Mrs. Burton opened her Bible with a sense of utter helplessness. With the natural instinct of a person given to thoroughness, she opened at the beginning of the book, but she speedily closed it again—the first chapter of Genesis had suggested many a puzzling question even to her orthodox mind. Turning the leaves rapidly, passing, for conscience sake, the record of many a battle, the details of which would have delighted the boys, and hurrying by the prophecies as records not for the minds of children, she at last reached the New Testament175, and the ever-new story of the only boy who ever was all that his parents and relatives could wish him to be.

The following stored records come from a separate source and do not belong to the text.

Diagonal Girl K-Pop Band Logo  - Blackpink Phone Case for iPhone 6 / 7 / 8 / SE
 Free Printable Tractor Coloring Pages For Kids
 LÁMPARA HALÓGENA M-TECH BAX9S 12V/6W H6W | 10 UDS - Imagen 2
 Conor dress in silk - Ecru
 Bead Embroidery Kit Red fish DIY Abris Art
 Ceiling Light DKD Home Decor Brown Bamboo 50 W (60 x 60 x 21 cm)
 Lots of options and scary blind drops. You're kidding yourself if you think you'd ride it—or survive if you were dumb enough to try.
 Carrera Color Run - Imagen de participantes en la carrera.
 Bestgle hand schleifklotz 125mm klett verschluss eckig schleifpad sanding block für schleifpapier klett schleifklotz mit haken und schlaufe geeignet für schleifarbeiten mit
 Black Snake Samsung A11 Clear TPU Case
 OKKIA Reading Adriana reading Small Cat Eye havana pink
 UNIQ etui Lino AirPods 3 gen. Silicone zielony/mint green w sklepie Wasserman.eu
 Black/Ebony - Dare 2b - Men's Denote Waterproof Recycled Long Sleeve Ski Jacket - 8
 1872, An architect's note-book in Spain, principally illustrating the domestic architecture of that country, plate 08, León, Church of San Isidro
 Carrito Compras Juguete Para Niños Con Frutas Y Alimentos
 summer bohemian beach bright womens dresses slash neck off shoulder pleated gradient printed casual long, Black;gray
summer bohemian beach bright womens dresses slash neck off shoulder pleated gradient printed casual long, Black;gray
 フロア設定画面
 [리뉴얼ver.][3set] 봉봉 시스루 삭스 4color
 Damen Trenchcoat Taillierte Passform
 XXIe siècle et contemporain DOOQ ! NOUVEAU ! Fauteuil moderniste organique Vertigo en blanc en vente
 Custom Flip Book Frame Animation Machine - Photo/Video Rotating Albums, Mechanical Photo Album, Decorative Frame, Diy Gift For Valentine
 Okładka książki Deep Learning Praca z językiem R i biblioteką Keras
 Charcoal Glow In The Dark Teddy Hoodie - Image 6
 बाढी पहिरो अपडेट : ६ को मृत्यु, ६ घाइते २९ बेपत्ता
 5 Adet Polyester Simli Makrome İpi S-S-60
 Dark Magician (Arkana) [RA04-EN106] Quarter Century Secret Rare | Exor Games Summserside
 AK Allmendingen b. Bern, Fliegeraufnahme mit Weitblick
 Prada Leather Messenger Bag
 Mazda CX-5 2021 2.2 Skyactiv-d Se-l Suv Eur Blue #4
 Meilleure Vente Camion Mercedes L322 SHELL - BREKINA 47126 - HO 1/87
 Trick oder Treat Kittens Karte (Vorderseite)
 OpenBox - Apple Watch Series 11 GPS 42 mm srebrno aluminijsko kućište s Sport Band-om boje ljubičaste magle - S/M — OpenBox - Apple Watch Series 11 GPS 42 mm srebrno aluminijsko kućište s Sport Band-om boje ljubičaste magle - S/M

"The lesson will be about Jesus," said Mrs. Burton."
"Little-boy Jesus or big-man Jesus?" asked Toddie.
"A—a—both," replied the teacher, in some confusion.
"Aw wight," said Toddie. "G'won."
"There was once a time when all the world was in trouble, without knowing exactly why," said Mrs. Burton; "but the Lord understood it, for He understands everything."
"Does He knows how it feels to be a little boy?" asked Toddie, "an' be sent to bed when He don't want to go?"
"And He determined to comfort the world, as He always does when the world finds out it can't comfort itself," continued Mrs. Burton, entirely176 ignoring her nephew's questions.
"But wasn't there lotzh of little boyzh then?" asked Toddie, "an' didn't they used to be comforted as well as big folks?"
"I suppose so," said Mrs. Burton. "But He knew if He comforted grown people, they would make the children happy."
"I wiss He'd comfort you an' Uncle Harry every mornin', then," said Toddie. "G'won."
"So He sent His own Son—his only Son—down to the world to be a dear little baby."
"I should think He'd have made Him a sister baby," said Budge, "if He'd wanted to make everybody happy."
"He knew best," said Mrs. Burton. "And while smart people everywhere were wondering what would or could happen to quiet the restless heart of people—"
"Izh restless hearts like restless tummuks?" interrupted Toddie. "Kind o' limpy an' wabbley?"
"I suppose so," said Mrs. Burton.
"Poor folks," said Toddie clasping, his hands over his waistband: "Izhe sorry for 'em."
"While smart folks were trying to think out what should be done," continued Mrs. Burton, "some simple shepherds, who used to sit around at night under the moon and stars, and wonder about things which they could not understand, saw a wonderfully bright star up in the sky."
"Was it one of the twinkle-twinkle kind, or one of the stand-still kind?" asked Toddie.
"I don't know," said Mrs. Burton, after a moment's reflection. "Why do you ask?"
"'Cauzh," said Toddie, "I know what 'twazh there for, an' it ought to have twinkled, 'cauzh twinkley star bobs open and shut that way 'cauzh they're laughin' and can't keep still, an' I know I'd have laughed if I'd been a star an' was goin' to make a lot of folks so awful happy. G'won."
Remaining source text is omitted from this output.